"Военные приключения-3. Компиляция. Книги 1-22
Шрифт:
Опустился на колени, подостлав газету. Надел на ее ногу одну туфлю, провел пальцами от ступни до колена:
— Какая ножка!
Мерильда стряхнула туфлю:
— Пошляк. Такой фасон носили в прошлом веке.
Набриолиненный оживился, глаза его заблестели:
— Сеньора с тонким вкусом, да? Ду ю сник инглиш? Шпрехен зи дойч?.. Могу вам предложить люкс, а?
— Счет на Манхеттен-банк. Наличными не ж-же-лаю...
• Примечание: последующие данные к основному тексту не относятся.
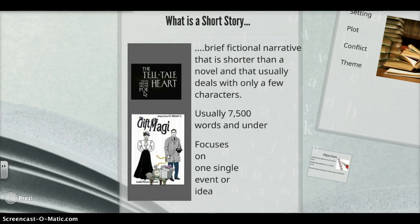On the left side I have some examples of short stories. On the top I have The Tell-Tale Heart by Edgar Allan Poe, which we will begin reading later on this week. And below that I have The Gift of the Magi, which is also a well-known short story that I encourage you guys to read on your own time, because it's very good.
Он скорбно покачал головой:
— А-а, понимаю: заведение накрыли, фирма пошла ко дну, красотка оказалась за бортом, а?
—
— Сочувствую вашей ситуации, сам чуть не отправился акулам на ужин, но пока еще барахтаюсь, — доверительно зашептал он. — И могу помочь чужому горю, а? Такие ножки не должны пропадать, хочу кое-что предложить, а? — Повернулся к девушке: — Повтори, дурочка. Мне и сеньоре. Я плачу!
— Она уже и так хороша. Можешь тащить, паук.
— Твоя забота, а? — огрызнулся он. — А если я люблю интеллигентно, со вкусом, а?
К кофейне вприпрыжку подбежал Хуанито. Правая рука его была забинтована. Но круглая рожица сияла.
— Салуд, Грациэлла! Чашку кофе и «Корону»! В кредит. Но завтра будет работка!
Девушка улыбнулась:
— Соплив — «Корону». Вот тебе леденец.
— Не оскорбляй! — Мальчуган показал на забинтованную руку. — В схватке с коварным врагом!
— Уже слыхали. Повторный сеанс. Валяй что-нибудь новенькое.
Мальчик сразу сник:
— Я тоже почти что не верю... Я первый его увидел. Но он — в окно, и теперь его ищи-свищи... А я мог бы уже прогуливаться по тому свету...
Девушка ласково провела ладонью по его жесткому ежику:
— Это правда? Бедненький мой! Тебе очень больно?
— Факт. Но я не обращаю внимания. Солдат революции должен стерпеть все. Когда вытаскивали пулю, я множил трехзначные на пятизначные и ошибся только на сто тысяч... — Он огляделся: — Интересно: на том свете тоже есть улицы, море, кофе?
Грациэлла пожала плечами:
— Не знаю. Может быть, и есть.
Хуанито вздохнул:
— Все равно на этом мне как-то больше нравится... Я заглянул в ее комнату и вдруг вижу — он! Я как закричу! А он выхватил пистолет — и бабах! Бабах!.. — Уткнулся в забинтованную руку: — Если бы не она...
Девушка похлопала его по вздрагивающим плечам:
— Успокойся!
— Мне так ее жалко... И так стыдно... Я ведь думал!..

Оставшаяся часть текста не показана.